Leaving out every picture, copy the lines of the material below exactly, from the line containing "view of snow covered deck" through the line containing "Richland primary bath".

** Opening Information supplied block **

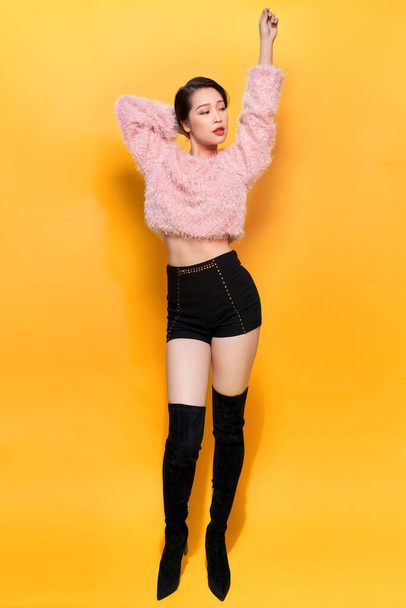 Stunning cute girl posing with pleasure on yellow background. Indoor photo of dancing young lady in trendy fur coat to camera. - Fotó, kép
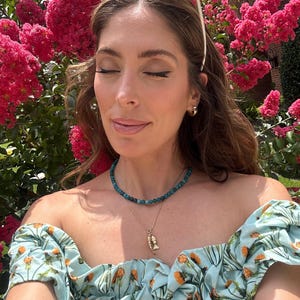 May include: A woman wearing a light blue off-the-shoulder top with an orange floral pattern. She is wearing a turquoise beaded necklace and a gold necklace with a fish pendant. Sunglasses are on top of her head, and pink flowers are in the background.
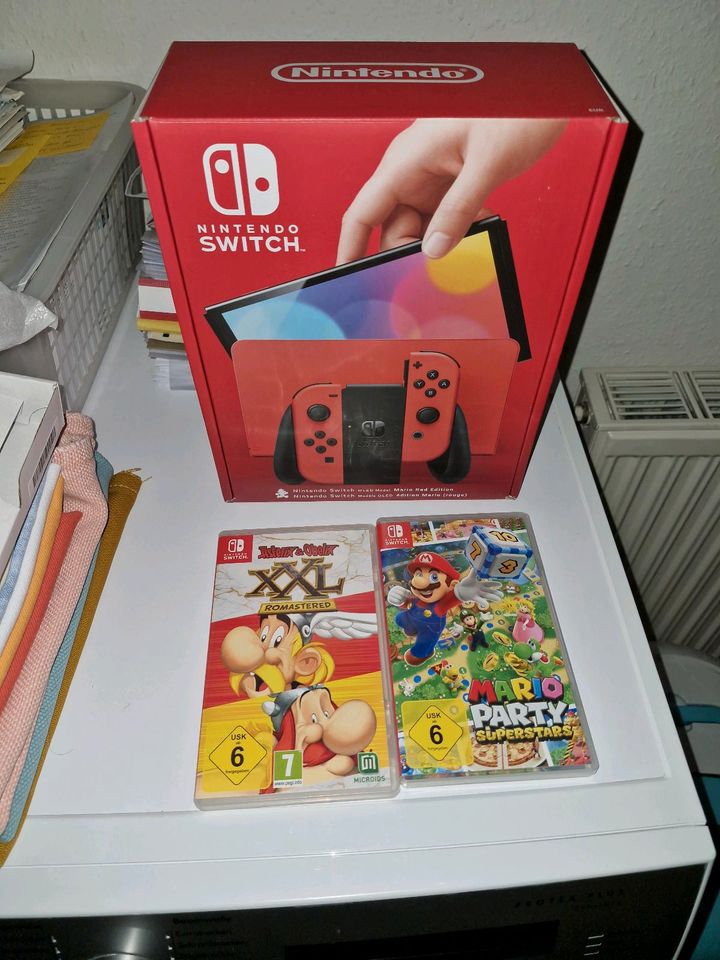 Nintendo Switch Oled + 2 Spiele Kauf 01.03.24 in Weingarten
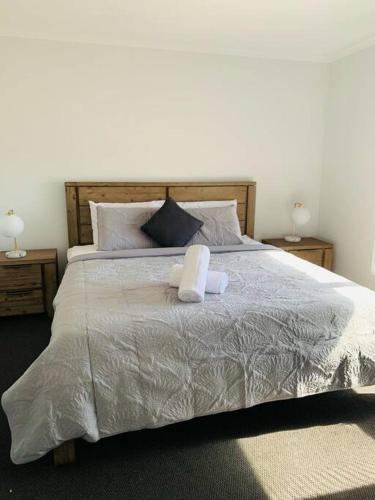 a bed with a teddy bear sitting on top of it at Nevid Family Home in Merbein South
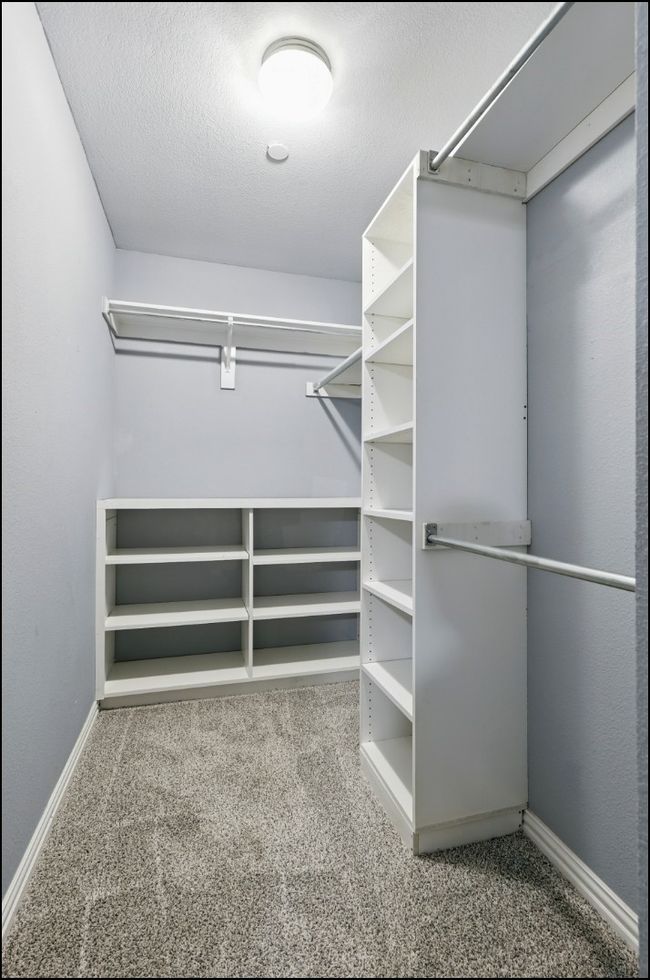 Walk in closet featuring carpet | Image 20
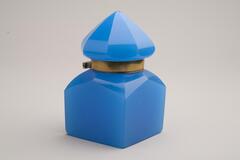 This is a bright blue glass inkwell with a brass collar. The body is square shaped with slanted shoulders. The blue glass lid is cone shaped with faceted sides.<br />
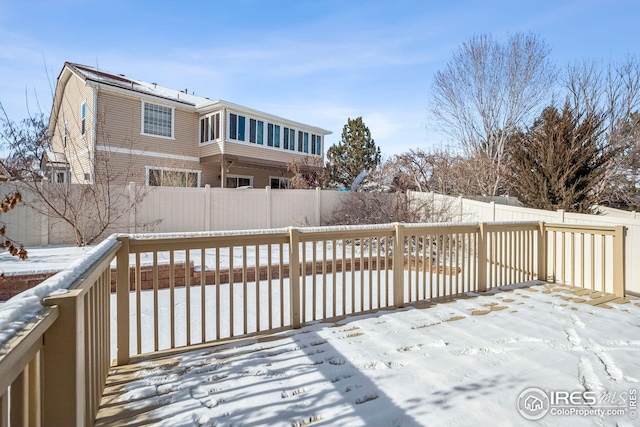 view of snow covered deck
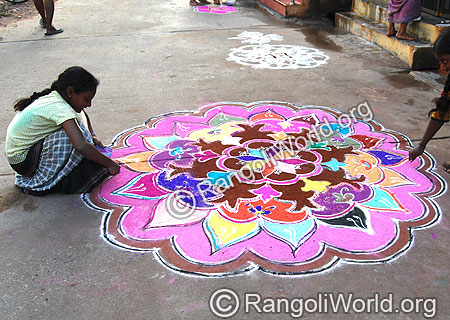 Little Girl Giving Colors to Freehand Rangoli
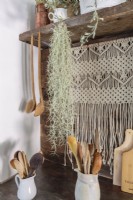 A macramÃ© hanging is unexpected and flirty as a backdrop to workaday kitchen tools.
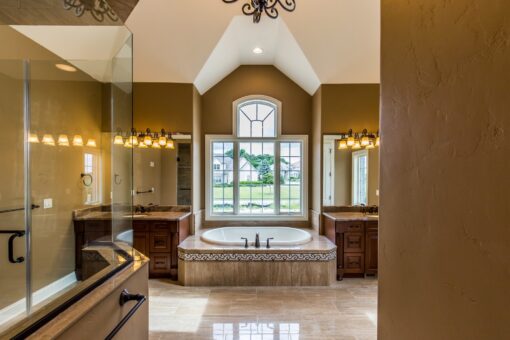 Richland primary bath soaking tub beneath an arched window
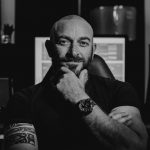 Man with a beard and tattooed arm, sitting with hand on chin, in a dark room with computer screens behind him.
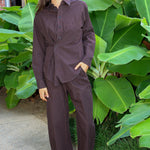 A woman wearing a matching dark brown and black checkered long-sleeve button-up shirt and wide-leg pants set, standing outdoors in front of large green tropical leaves.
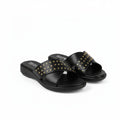 A pair of black slide sandals with gold-tone metal studs arranged in a crisscross pattern across the straps, shown on a plain white background.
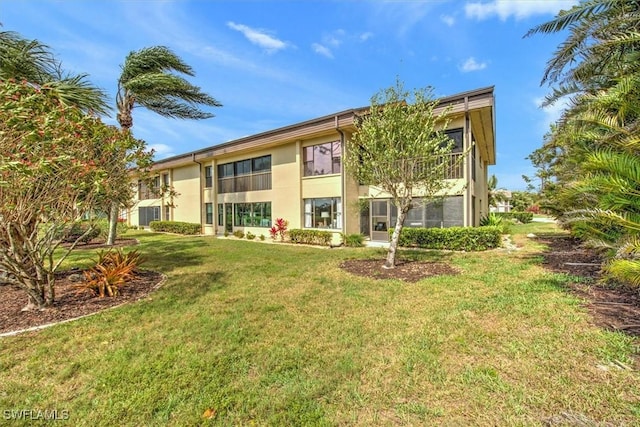 rear view of house with a lawn and stucco siding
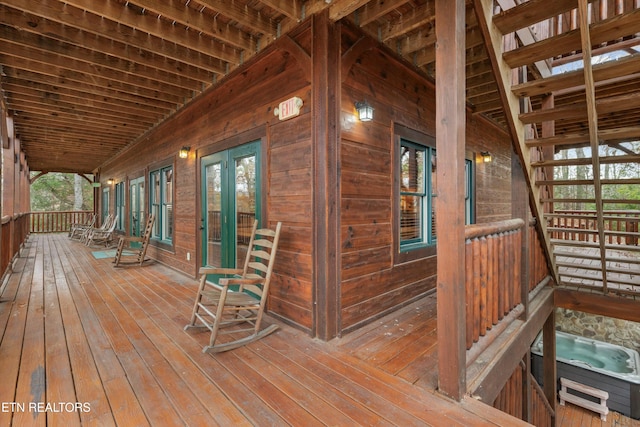 deck with a porch and french doors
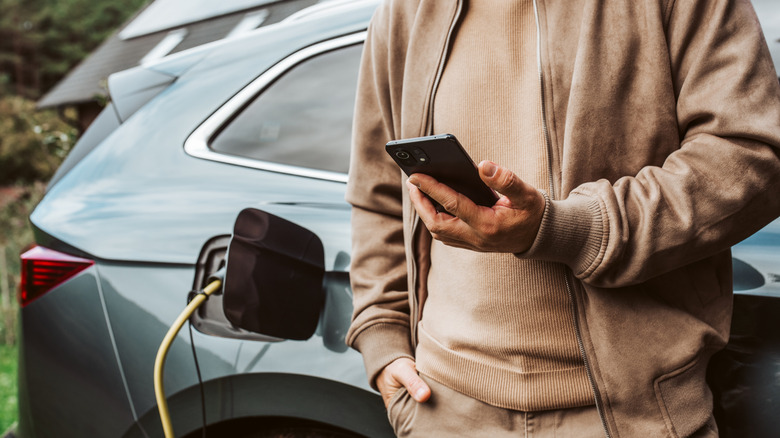 A person checking the charge level of their EV using an app on their smartphone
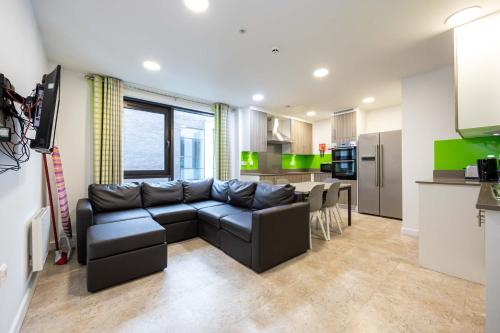 a living room with a couch and a kitchen at Single Ensuite Rooms In Central Preston in Preston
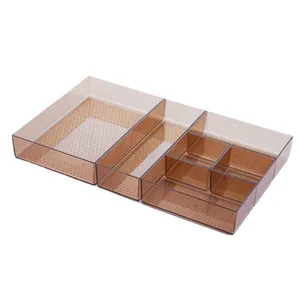 Clear amber plastic drawer organizer set for kitchen utensils and vanity storage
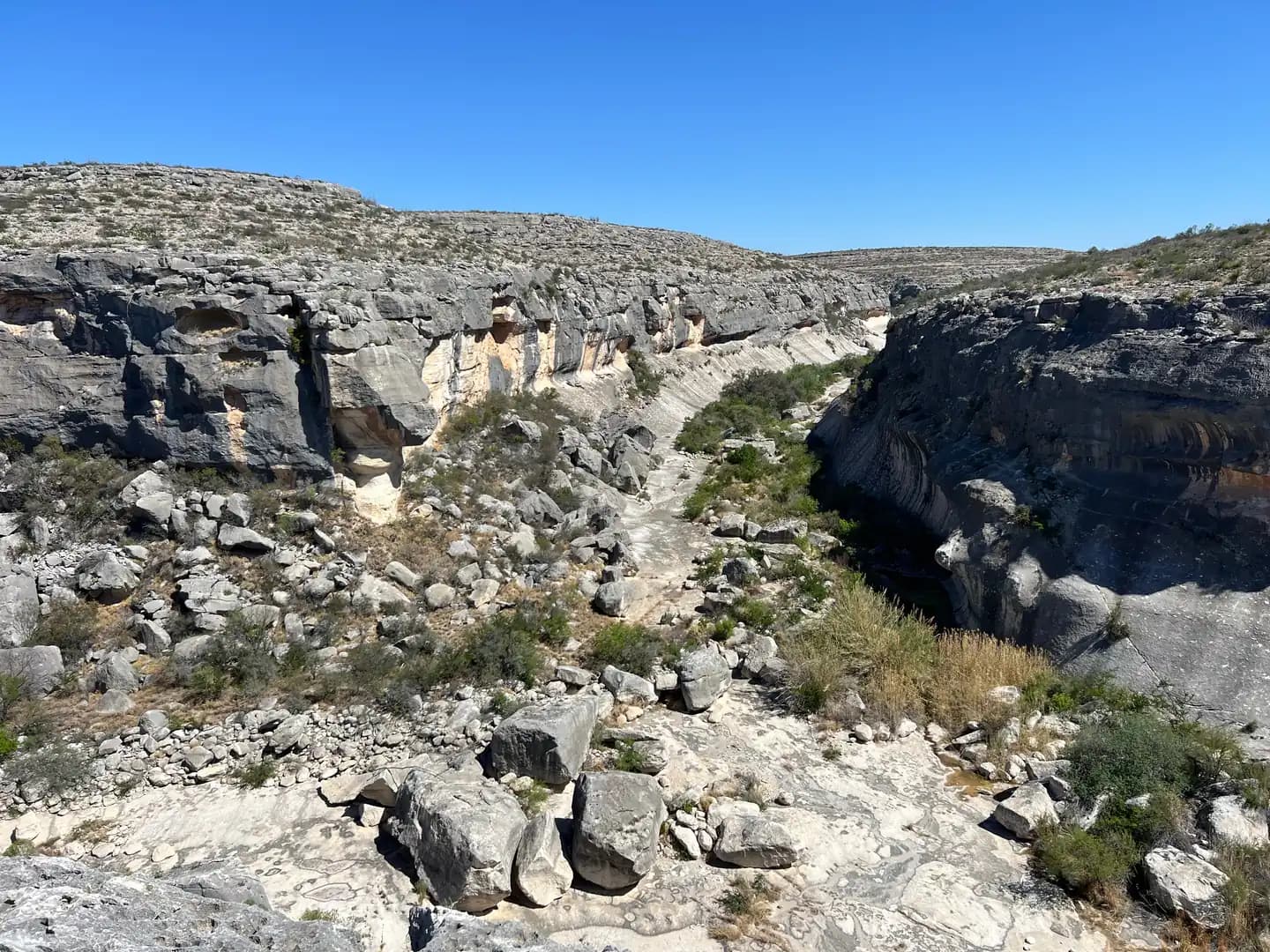 A vast, rocky canyon with large grey and tan limestone cliffs on both sides, enclosing a green, vegetated canyon floor.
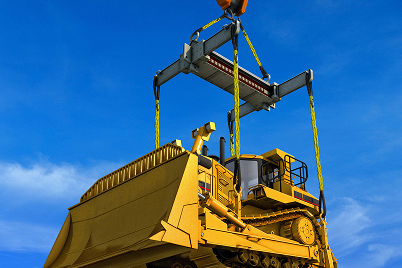 Bulldozer being lifted by crane with bright blue sky in the background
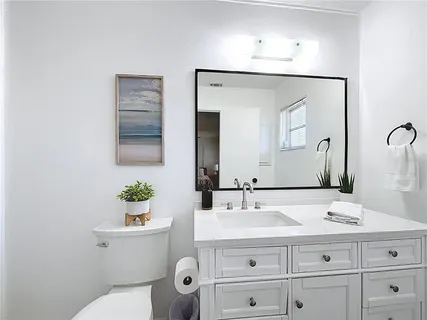 a bathroom with a double vanity sink toilet and a mirror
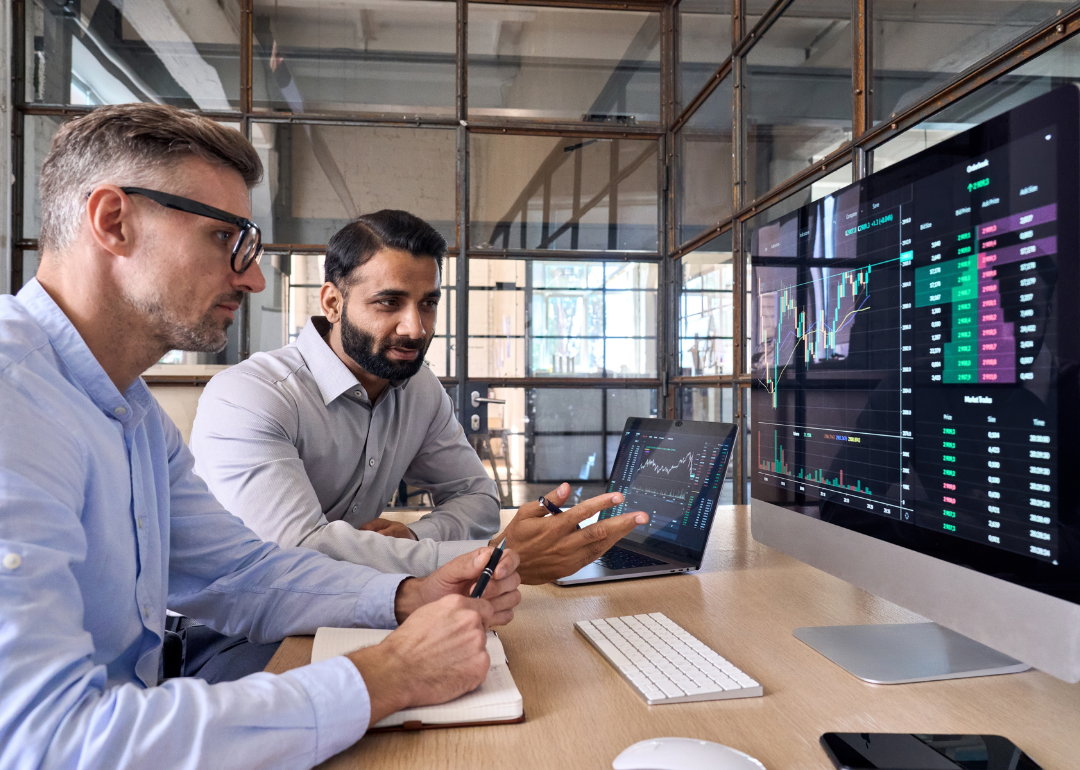 Two financial workers looking at graphs and talking at their desks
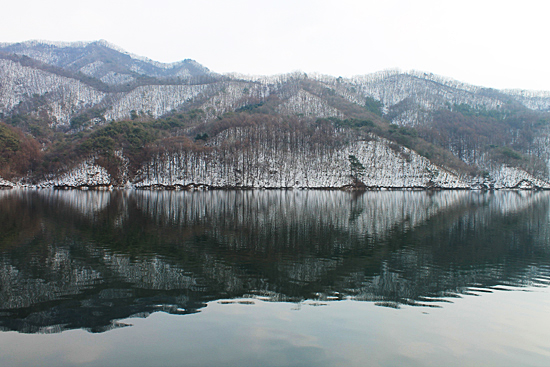 산 그림자가 얼음이 녹은 강물 위에 비쳐 완전히 대칭을 이루고 있는 풍경.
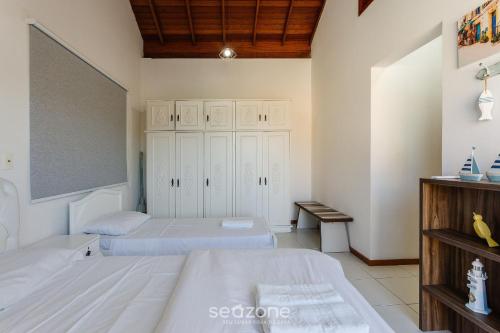 a bedroom with two beds and a cabinet at Casa em condo com piscina, a 300m da praia ALI024 in Florianópolis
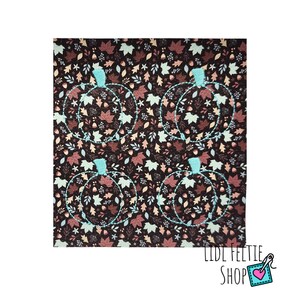 May include: A square fabric with a repeating pattern of four pumpkin outlines in light blue, each filled with a fall leaf design. The background is a dark brown with various leaves in shades of brown, tan, and light green.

** Closing Information supplied block **

• **Solved exercise**
 view of snow covered deck
 Little Girl Giving Colors to Freehand Rangoli
 A macramÃ© hanging is unexpected and flirty as a backdrop to workaday kitchen tools.
 Richland primary bath soaking tub beneath an arched window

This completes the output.